How to delete large data of table in SQL without log?
Asked Answered
E

14

176

I have a large data table. There are 10 million records in this table.

What is the best way for this query

   Delete LargeTable where readTime < dateadd(MONTH,-7,GETDATE())
Egmont answered 13/6, 2014 at 20:22 Comment(5)
:) I am afraid unless you are willing to write some sort of ETL to get all the rows readTime >= dateadd(MONTH,-7,GETDATE()) into another table and then issue a Truncate table and put the data back using ETL, you would not be able to prevent it from writing to the logRiposte
Logging is an all or nothing function of having a resilient transactions. It literally doesn't make sense to not have a log for some operation but not others, otherwise the log is useless.Claypoole
Export the data you want to keep, truncate the table, then import back inDissatisfaction
Another option would be using a tablevariable which are not logged. Hence store your readTime >= dateadd(MONTH,-7,GETDATE()) data in a table variable and then truncate the original table and copy back the data from the table variable.
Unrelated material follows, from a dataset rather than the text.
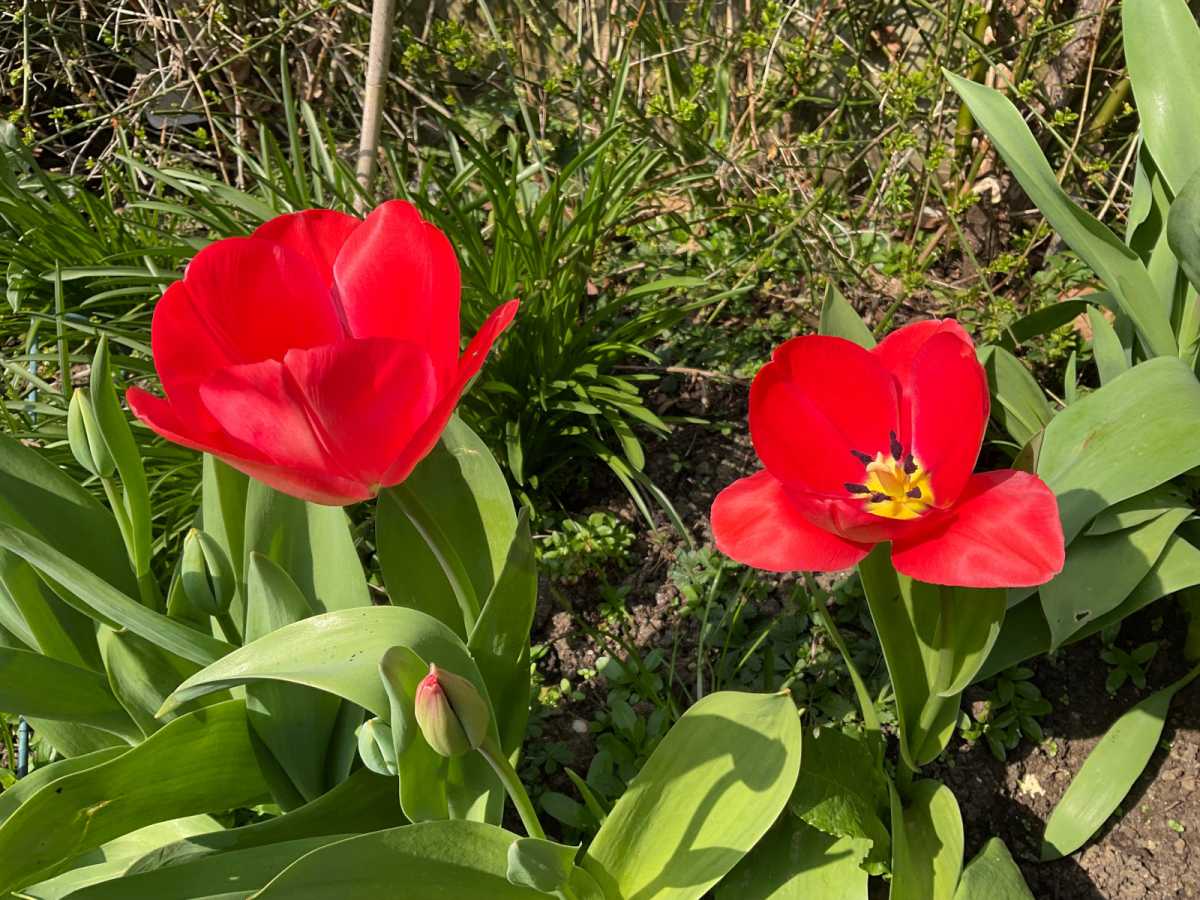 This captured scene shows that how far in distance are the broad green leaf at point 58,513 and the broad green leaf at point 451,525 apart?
0.34m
I would however keep a back up of the data in case something went wrong and the table gets inadvertently truncated.:) And always do a test run of your script on a lesser environment.Riposte
Possible duplicate of How to efficiently delete rows while NOT using Truncate Table in a 500,000+ rows tableIndividual
M
269
  1. If you are Deleting All the rows in that table the simplest option is to Truncate table, something like

     TRUNCATE TABLE LargeTable
     GO
    

Truncate table will simply empty the table, you cannot use WHERE clause to limit the rows being deleted and no triggers will be fired.

  1. On the other hand if you are deleting more than 80-90 Percent of the data, say if you have total of 11 million rows and you want to delete 10 million another way would be to Insert these 1 million rows (records you want to keep) to another staging table. Truncate this large table and Insert back these 1 million rows.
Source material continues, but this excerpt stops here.